In the following example, after calculations, the primary partition pruning result is p0, and the sub-partition pruning result is sp0, so the physical partition to access is p0sp0.
Notice
In this example, the physical partition identifier to access is p0sp0, which is not the name of the sub-partition. For template-based sub-partitioned tables, the naming convention for sub-partitions is ($part_name)s($subpart_name), such as p0ssp0.

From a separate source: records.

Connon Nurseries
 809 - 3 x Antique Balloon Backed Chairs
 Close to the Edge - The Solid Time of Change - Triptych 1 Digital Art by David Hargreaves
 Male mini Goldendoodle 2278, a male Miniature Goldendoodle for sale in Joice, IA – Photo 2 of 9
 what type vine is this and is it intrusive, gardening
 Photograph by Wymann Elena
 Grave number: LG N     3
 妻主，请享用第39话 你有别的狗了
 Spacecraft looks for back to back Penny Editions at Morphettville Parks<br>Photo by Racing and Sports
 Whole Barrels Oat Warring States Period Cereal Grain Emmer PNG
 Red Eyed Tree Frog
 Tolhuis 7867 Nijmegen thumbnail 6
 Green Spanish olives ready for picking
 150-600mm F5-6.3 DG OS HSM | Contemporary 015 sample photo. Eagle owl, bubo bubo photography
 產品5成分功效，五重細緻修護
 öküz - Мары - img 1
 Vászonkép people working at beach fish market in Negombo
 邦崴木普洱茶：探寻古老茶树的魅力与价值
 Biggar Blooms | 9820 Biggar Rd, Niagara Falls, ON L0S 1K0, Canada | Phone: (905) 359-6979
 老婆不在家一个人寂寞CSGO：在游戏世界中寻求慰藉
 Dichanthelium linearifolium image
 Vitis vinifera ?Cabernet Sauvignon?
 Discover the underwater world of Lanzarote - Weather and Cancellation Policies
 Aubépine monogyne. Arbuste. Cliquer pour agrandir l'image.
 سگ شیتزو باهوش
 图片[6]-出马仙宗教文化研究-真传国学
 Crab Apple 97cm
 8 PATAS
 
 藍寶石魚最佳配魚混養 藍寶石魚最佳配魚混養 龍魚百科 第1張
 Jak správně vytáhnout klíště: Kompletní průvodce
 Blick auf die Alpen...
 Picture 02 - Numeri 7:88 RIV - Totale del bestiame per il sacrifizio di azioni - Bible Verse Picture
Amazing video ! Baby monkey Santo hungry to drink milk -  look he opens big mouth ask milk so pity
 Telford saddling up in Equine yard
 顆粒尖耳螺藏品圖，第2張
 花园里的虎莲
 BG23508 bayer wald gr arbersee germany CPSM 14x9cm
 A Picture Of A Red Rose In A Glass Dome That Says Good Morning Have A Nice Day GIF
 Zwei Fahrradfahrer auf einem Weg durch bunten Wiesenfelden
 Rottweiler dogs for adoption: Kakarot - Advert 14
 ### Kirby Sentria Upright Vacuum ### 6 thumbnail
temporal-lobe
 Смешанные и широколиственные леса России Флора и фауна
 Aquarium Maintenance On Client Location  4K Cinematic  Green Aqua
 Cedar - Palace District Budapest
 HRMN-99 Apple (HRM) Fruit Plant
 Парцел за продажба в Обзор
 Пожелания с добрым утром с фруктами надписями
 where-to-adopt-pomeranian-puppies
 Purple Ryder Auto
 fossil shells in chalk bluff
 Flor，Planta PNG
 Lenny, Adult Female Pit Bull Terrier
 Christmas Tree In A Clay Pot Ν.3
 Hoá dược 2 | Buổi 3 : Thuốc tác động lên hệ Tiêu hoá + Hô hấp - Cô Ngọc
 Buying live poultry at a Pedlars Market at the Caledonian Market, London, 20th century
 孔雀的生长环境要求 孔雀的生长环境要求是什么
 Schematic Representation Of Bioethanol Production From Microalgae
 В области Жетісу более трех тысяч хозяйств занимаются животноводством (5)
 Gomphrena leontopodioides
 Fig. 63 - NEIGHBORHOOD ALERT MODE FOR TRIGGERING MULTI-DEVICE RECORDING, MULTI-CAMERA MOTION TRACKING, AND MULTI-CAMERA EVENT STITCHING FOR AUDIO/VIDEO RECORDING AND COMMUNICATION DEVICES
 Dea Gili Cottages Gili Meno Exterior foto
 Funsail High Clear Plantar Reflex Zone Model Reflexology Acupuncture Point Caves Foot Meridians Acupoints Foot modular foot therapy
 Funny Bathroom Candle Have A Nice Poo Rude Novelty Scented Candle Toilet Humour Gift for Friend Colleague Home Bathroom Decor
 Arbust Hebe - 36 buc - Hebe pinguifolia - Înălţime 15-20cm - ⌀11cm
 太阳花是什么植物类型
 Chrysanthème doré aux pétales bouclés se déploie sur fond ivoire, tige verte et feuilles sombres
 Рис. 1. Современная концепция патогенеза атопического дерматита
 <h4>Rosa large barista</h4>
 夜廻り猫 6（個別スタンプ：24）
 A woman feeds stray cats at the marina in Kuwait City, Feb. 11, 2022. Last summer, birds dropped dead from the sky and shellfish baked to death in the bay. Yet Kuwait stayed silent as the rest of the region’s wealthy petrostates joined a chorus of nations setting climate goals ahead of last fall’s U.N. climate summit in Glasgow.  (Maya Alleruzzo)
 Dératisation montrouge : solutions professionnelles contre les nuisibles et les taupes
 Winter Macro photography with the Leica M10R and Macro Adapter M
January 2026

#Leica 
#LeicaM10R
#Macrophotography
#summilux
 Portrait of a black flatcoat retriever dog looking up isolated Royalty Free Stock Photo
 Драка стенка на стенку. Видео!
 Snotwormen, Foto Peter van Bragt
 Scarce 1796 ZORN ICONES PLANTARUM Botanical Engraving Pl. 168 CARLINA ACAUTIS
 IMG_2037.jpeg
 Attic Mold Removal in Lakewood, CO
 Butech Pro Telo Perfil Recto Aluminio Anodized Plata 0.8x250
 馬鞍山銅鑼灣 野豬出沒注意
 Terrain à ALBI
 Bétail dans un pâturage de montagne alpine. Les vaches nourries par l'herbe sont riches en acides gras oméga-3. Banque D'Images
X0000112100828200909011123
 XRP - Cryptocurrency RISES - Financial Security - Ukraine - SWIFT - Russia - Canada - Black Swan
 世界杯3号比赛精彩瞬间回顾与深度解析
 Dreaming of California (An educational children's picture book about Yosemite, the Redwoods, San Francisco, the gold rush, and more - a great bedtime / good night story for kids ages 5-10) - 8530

obclient> CREATE TABLE tbl2_rr(col1 INT,col2 INT)
PARTITION BY RANGE(col1)
SUBPARTITION BY RANGE(col2)
SUBPARTITION TEMPLATE
(SUBPARTITION sp0 VALUES LESS THAN(1000),
SUBPARTITION sp1 VALUES LESS THAN(2000)
)
(PARTITION p0 VALUES LESS THAN(100),
PARTITION p1 VALUES LESS THAN(200)
) ;
Query OK, 0 rows affected
obclient> EXPLAIN SELECT * FROM tbl2_rr
WHERE (col1 = 1 or col1 = 2) and (col2 > 101 and col2 < 150) \G
*************************** 1. row ***************************
Query Plan: ======================================
|ID|OPERATOR |NAME |EST. ROWS|COST|
--------------------------------------
|0 |TABLE SCAN|TBL2_RR|99 |53 |
======================================
Outputs & filters:
-------------------------------------
0 - output([TBL2_RR.COL1], [TBL2_RR.COL2]), filter(nil),
access([TBL2_RR.COL1], [TBL2_RR.COL2]), partitions(p0sp0)
1 row in set
In some scenarios, partition pruning may result in a slight amplification, but the optimizer ensures that the pruning result is a superset of the data to be accessed, without any data loss.